Und wenn sie nicht gestorben sind, dann leben sie noch heute
“There were still many days when he could be very tiresome. But most of those I shall not notice. The cure had begun.” C.S. Lewis, The Voyage of the Dawn Treader.
I mentioned a while ago how my dear old aunt, poor lady, came to stay with us in the final six weeks of her life. (No moral heroism here, mind you: when the hospital says, hop it, because it’s Christmas the day after tomorrow, the relatives had better have their ducks in a row. This is the reality of living in a country that is steadily working its way down the OECD tables.)
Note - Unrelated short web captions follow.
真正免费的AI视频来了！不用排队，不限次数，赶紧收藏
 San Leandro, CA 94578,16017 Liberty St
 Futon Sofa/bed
We nursed the aunt as well as we could, with flowers and conversation and visits from friends and basin baths, as she faded and dried into a pressed-flower version of her former self. The last day, the process sped up beyond expectation. Her body started shedding fluid dramatically.
(This is really a mercy, since it helps the body produce natural analgesics against the pain, but, still - And also, as a nursing note, if the Hospice people suggest a catheter, don't say, no, you don't want her to get a UTI. )
As she was struggling up to the commode for the last time, she said, fiercely, out of clenched teeth, “I hate this.” Dying, she meant.
Confession was like that. It was like dying, and I hated it.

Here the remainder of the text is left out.